Your objective
Pictures aside, return every line below exactly as written.

Dataset
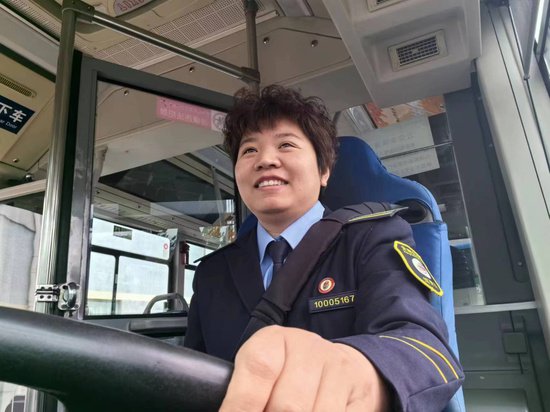 北京404路公交驾驶员李宁：我在岗位过“五一”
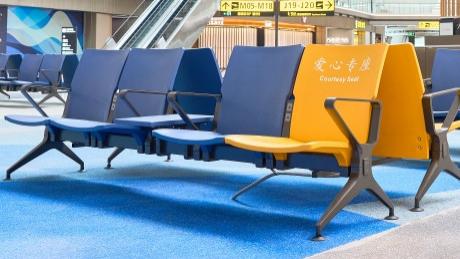 为什么排椅的座面和靠背常常采用“不同材质”拼接？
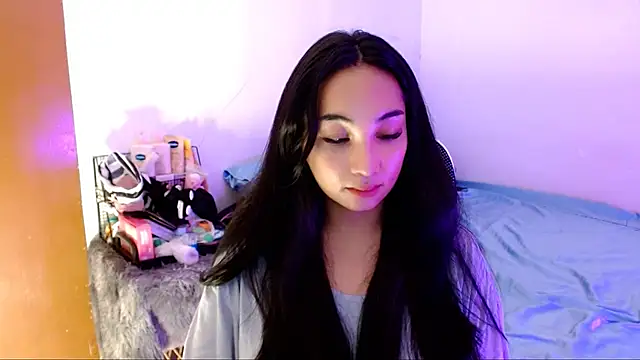 Snapshot of SweetLilly_18 chatting on 15, 11, 2025 SweetLilly 18 online show from 15, 11, 2025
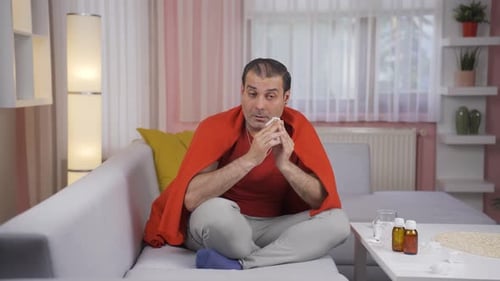 Hombre enfermo con ojos llorosos.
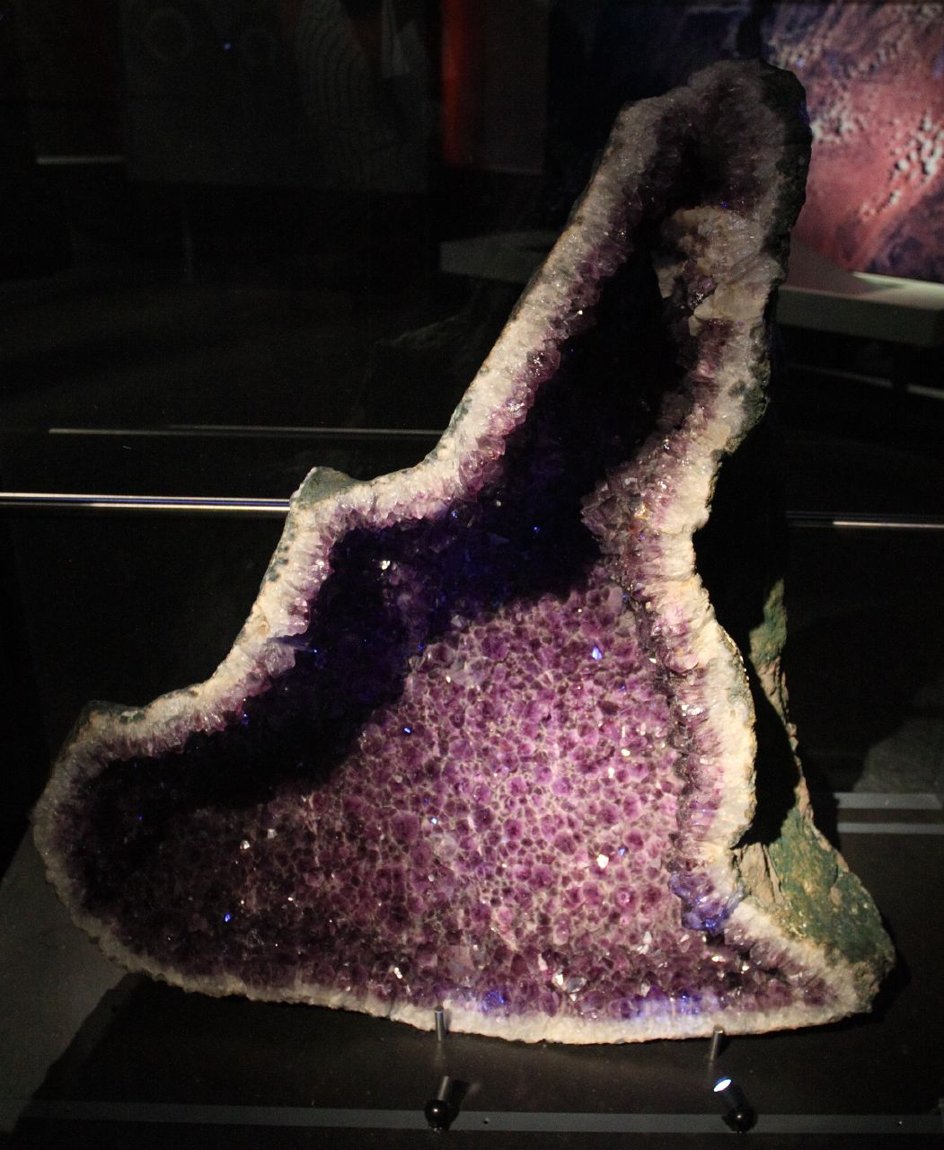 Amethyst-Druse aus violettem Quarz.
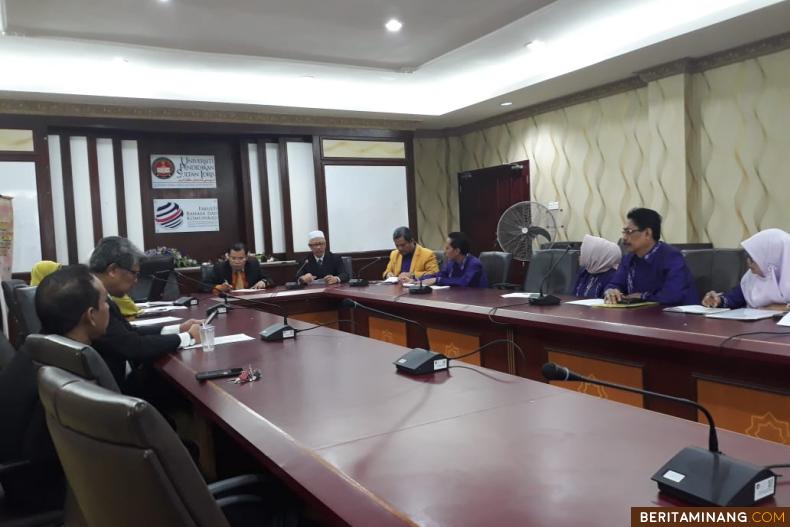 Pada hari ini (15/11), delegasi Jurnal Humanus FBS UNP bertemu untuk menjalin kerja sama dengan delegasi pengelola Jurnal Pendeta FBK UPSI bertempat di Kampus UPSI Tanjung Malin,  Perak,  Malaysia
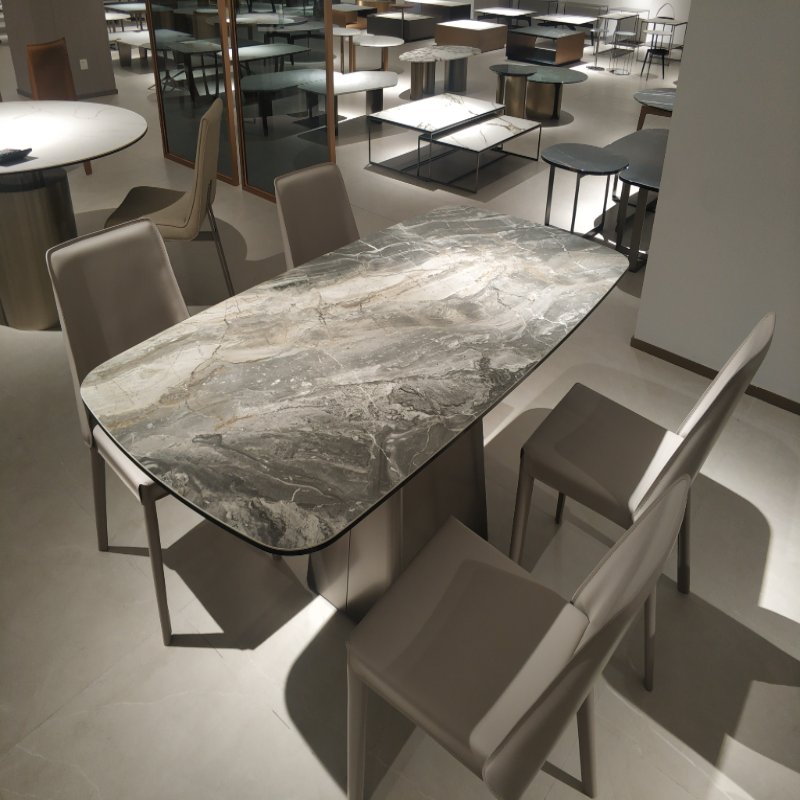 Faenza | Dining Table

Task answer
 北京404路公交驾驶员李宁：我在岗位过“五一”
 为什么排椅的座面和靠背常常采用“不同材质”拼接？
 Snapshot of SweetLilly_18 chatting on 15, 11, 2025 SweetLilly 18 online show from 15, 11, 2025
 Hombre enfermo con ojos llorosos.
 Amethyst-Druse aus violettem Quarz.
 Pada hari ini (15/11), delegasi Jurnal Humanus FBS UNP bertemu untuk menjalin kerja sama dengan delegasi pengelola Jurnal Pendeta FBK UPSI bertempat di Kampus UPSI Tanjung Malin,  Perak,  Malaysia
 Faenza | Dining Table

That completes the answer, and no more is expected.